White, president of the Ultimate Fighting Championship, will stay on with the company after its blockbuster $4 billion sale to a consortium headed by Hollywood talent agency WME-IMG and a collection of private equity firms. His business partners, Lorenzo and Frank Fertitta, sold their 40.5% stakes. White offloaded his 9% share but bought back in for an undisclosed sum.
On Monday morning, 36 hours after UFC 200, the biggest show in his company’s history, White sent out a link on Twitter. Nothing the promoter does is ever accidental, and certainly not at a time like this.
The link was for his online video series, Lookin’ For a Fight. In the latest episode, White tries his hand at stand-up comedy, making doughnuts, eating vegan Bolognese, signing a new bantamweight and dropping eight F-bombs in the first four minutes. The message was clear. White is still here, still uncompromising, still as rough around the edges as when he bought into the UFC in 2001 and still a passionate believer that fight sports are the future.
Having White at the helm as the UFC enters a new era will help allay fears from the fans that things are about to get too corporate. He has always prioritized entertainment and value for money, and retaining him as a figurehead is a smart move. Of course, it is possible he would not have given the green light to a sale if that was not part of the contract.
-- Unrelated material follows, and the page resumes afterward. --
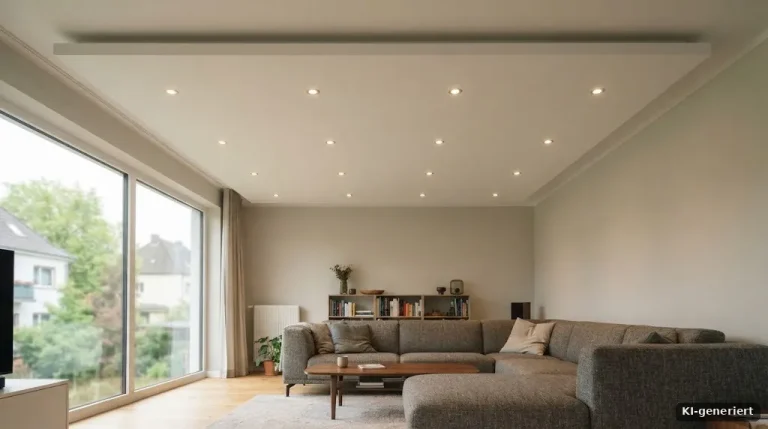 Abgehängte Trockenbaudecke mit eingelassenen LED-Spots in einem Wohnzimmer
Yet it is a time for new ideas, too. The global aspect of the UFC’s potential is what appeals to WME-IMG, and it eagerly mentioned as such in its first comments.
Much of what has played out over the last year was to increase the UFC’s attractiveness to investors. Events were staged around the globe, including in Australia, Japan, Croatia, Brazil, Netherlands and elsewhere, to make the point that this is not just an American product with a parochial core audience.
A companywide apparel deal with Reebok was signed, another move that pushed the sport to being more closely intertwined with the mainstream.
In the end, the efforts worked. The $4 billion sale price is staggering and enough for the Fertittas to invest in another pursuit, such as an NFL team, which White said as recently as May is of keen interest to the brothers.
In return the investors are getting a product that is largely built on its rabid fan base. Mixed martial arts is as much a cult as it is a sport, its supporters remarkably passionate and fiercely engaged. They feel they are part of the show, which is perhaps how sports should be after all.
Will it change? The organization has always had an underground, backstreet, irreverent feel to it. Billion-dollar sums tend to erase that kind of perception, and the new UFC will need to tread the line between profit and popularity.
It is a line that the outgoing majority owners worked out how to navigate, to their ultimate benefit.